会社と従業員が「労働契約解除協議書」を締結し、締結日をもって双方の労働契約関係を解除することを約定しました。協議書に経済補償金の金額や支払う予定の給与金額も明確に記載しました。特に、以下の文言が記入されていました。
乙は給与、社会保険、経済補償金について、すべて確認し、異議を持たない
甲が約定した金額を支払った後、甲乙双方間の権利義務はすべて終結し、乙は甲に対し、経済補償、弁償金、労働報酬、社会保険などについて、如何なる時期、形式でも主張してはならない
しかし会社が約束した金額を振り込んだ後、従業員は仲裁を提起しました。求める弁償は労働契約未締結期間における給与2倍との差額15万元、及び残業代の2.6万元です。仲裁所は従業員の訴えを支持しなかったため、従業員は裁判所に提訴しました。
一審判決では、「労働契約解除協議書は、双方の自由意思で締結されたもので、法律にも抵触していないため、有効であり、双方はこれを履行すべきである。従業員の訴求は全て、協議書締結以前に発生したものであり、当従業はその他の労働争議の当事者になった経験もあるため、自身が享受できる労働権利を熟知している。それにもかかわらず、「双方間の権利義務関係が終結する」と明記された協議書を締結することは、自ら権利を放棄したものと見なされる」と意見しました。そして、「従業員は協議書を締結した後、短期間で訴訟を提起しており、これは信義則に反するものである」として、従業員の訴求を却下しました。
従業員は一審判決を不服とし、二審にも告訴しましたが、二審でも同じ理由で、会社側の勝訴としました。
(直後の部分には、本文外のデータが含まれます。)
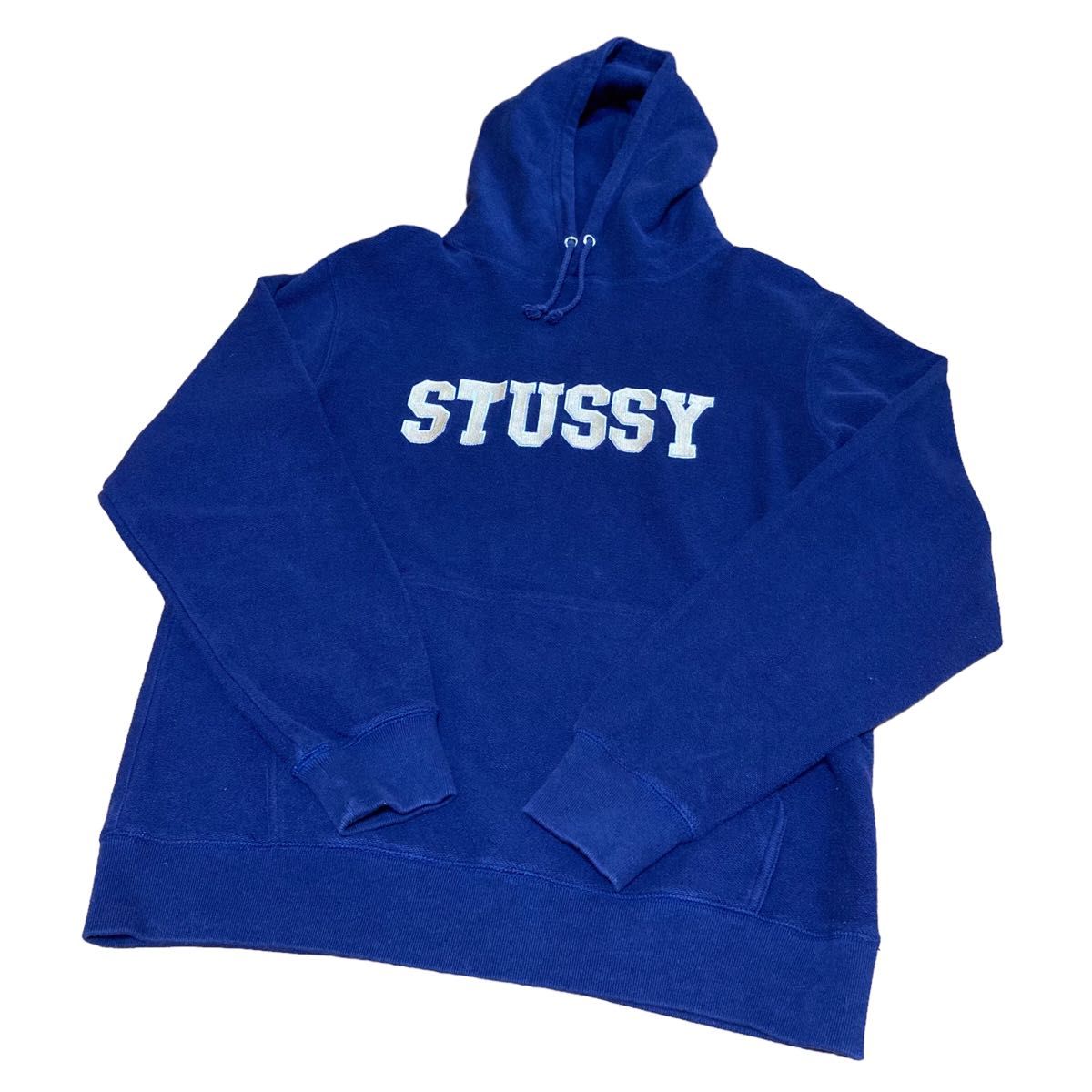 匿名 翌送】stussy ステューシー センターロゴ 刺繍 パーカー Lサイズ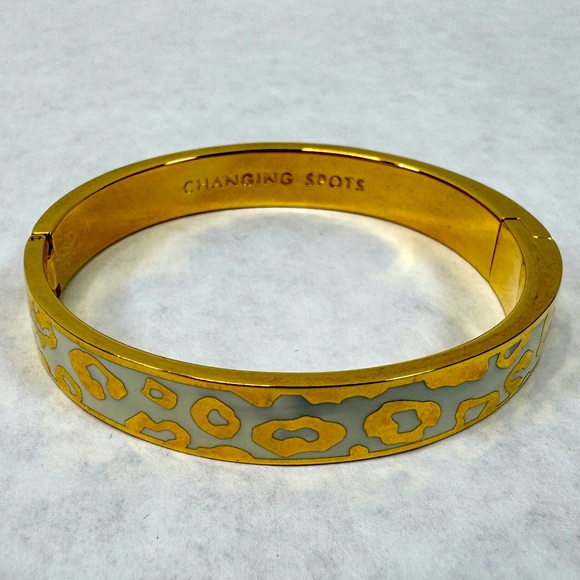 KATE SPADE Changing Spots White & Gold Leopard Hinged Bangle Bracelet - Picture 4 of 5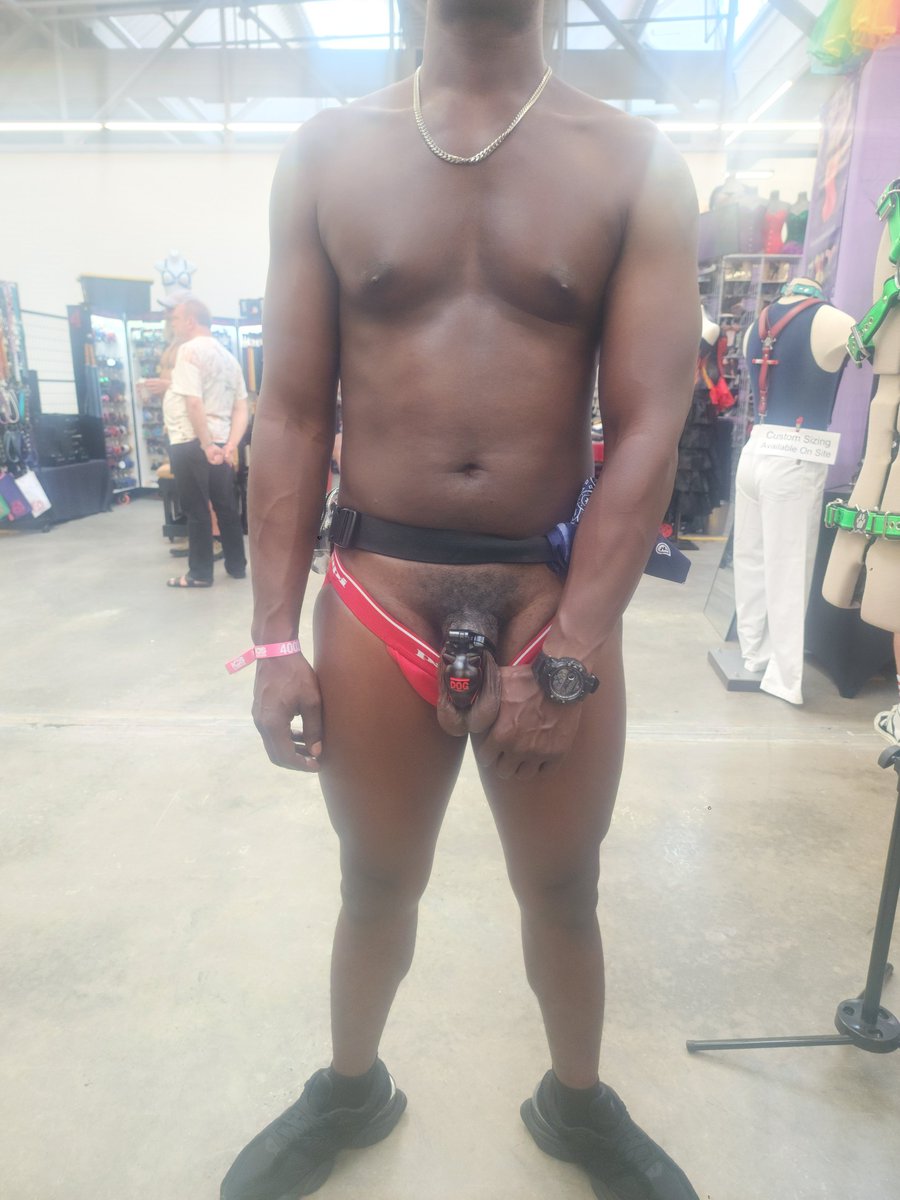 cagedxbeast's tweet photo. Kink Down South Day 2 - I met a lot of caged bois and helped a few start their chastity journey ✊🏿 Thank you for indulging in my madness 😈 #BlackChastity #KinkDownSouth #GayBondage https://t.co/Ttg8YpPmAW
ほとんどの日系企業は法規定通りに労務管理をしていますので、今回紹介した判例のような極端な事例に遭遇することは稀です。とはいえ、できるだけリスクを回避するためには、「離職確認書」や「定年退職確認書」などに、「離職日をもって、双方間の権利義務関係がすべて終結する」と明記することが望ましいと考えられます。中国はますます契約を重視する社会になってきていますので、従業員の署名があれば、相応する責任を負わなければなりません。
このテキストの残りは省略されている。